-- Record excerpts follows --
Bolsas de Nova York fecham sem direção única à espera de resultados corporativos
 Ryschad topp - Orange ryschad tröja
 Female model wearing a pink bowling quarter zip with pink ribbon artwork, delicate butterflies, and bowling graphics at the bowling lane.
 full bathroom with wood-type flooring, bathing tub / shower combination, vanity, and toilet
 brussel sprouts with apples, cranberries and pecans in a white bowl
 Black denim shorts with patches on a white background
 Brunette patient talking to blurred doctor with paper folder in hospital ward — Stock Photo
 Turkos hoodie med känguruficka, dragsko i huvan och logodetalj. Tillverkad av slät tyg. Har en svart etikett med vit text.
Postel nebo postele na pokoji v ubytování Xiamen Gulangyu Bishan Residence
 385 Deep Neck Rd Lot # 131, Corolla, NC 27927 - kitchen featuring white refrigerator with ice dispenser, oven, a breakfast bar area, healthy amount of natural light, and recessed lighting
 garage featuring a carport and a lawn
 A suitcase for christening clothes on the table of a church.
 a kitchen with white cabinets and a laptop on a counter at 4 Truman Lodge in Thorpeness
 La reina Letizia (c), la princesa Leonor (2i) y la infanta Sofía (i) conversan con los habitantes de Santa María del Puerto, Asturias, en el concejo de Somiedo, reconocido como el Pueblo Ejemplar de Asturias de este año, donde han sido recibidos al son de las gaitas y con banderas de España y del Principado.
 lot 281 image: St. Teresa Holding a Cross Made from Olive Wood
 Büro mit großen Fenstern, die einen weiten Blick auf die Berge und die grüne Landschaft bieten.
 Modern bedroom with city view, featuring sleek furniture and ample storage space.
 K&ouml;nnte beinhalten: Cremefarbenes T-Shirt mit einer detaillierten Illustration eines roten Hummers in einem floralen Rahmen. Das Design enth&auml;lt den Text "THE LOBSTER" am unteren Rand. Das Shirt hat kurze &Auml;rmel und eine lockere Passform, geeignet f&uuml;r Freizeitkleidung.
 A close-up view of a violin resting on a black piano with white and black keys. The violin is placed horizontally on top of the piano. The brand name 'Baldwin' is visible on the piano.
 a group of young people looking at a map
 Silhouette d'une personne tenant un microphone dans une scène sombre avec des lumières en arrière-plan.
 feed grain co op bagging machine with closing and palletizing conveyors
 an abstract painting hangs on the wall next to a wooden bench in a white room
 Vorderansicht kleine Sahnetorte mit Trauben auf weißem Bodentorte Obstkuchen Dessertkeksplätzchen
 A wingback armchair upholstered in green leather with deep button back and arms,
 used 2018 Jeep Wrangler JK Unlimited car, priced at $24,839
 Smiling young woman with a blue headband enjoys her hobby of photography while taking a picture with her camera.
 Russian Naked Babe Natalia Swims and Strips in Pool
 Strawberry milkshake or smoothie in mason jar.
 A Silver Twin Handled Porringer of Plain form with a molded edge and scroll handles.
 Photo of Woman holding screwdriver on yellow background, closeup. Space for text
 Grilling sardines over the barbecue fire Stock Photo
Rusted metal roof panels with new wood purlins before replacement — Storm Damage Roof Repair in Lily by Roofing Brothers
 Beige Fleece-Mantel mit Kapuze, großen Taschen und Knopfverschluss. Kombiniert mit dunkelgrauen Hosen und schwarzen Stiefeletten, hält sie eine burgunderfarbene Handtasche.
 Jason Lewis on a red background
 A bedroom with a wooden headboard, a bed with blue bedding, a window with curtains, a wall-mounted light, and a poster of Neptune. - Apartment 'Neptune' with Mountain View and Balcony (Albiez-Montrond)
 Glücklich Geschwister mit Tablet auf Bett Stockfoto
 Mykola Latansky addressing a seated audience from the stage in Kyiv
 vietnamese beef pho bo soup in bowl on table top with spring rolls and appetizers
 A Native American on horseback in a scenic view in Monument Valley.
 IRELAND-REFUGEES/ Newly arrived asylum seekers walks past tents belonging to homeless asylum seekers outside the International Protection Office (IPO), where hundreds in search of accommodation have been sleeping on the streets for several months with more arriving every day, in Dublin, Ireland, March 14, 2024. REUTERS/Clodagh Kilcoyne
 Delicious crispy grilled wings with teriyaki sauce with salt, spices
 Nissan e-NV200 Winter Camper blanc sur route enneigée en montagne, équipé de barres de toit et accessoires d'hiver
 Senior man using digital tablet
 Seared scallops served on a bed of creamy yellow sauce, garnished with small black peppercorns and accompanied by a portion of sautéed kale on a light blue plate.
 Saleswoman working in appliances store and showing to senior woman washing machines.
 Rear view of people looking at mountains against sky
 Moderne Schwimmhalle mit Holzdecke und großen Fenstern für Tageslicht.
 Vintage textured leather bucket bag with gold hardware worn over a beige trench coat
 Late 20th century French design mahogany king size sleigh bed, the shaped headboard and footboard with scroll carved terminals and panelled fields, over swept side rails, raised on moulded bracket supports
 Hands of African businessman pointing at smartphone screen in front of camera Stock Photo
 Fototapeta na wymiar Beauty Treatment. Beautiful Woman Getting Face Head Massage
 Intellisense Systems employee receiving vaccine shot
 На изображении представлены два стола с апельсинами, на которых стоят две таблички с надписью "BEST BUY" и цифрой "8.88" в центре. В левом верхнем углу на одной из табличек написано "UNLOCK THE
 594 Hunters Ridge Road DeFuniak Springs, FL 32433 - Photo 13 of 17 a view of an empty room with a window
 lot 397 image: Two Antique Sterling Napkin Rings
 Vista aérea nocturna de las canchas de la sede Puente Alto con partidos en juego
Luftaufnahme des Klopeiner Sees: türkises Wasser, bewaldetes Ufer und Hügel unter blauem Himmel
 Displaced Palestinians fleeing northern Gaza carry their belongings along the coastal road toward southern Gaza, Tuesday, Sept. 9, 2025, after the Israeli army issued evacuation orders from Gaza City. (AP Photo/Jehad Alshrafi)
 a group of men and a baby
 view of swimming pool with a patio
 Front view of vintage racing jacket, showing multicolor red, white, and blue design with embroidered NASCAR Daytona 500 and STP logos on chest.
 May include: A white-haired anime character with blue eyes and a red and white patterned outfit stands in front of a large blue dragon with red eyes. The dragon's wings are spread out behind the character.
-- Record excerpts concluded --
**Task description**
Write out exactly the lines from the line with "a group of men and a baby" to the close of the listing above, including both of those lines.

**Answer to the problem**
 a group of men and a baby
 view of swimming pool with a patio
 Front view of vintage racing jacket, showing multicolor red, white, and blue design with embroidered NASCAR Daytona 500 and STP logos on chest.
 May include: A white-haired anime character with blue eyes and a red and white patterned outfit stands in front of a large blue dragon with red eyes. The dragon's wings are spread out behind the character.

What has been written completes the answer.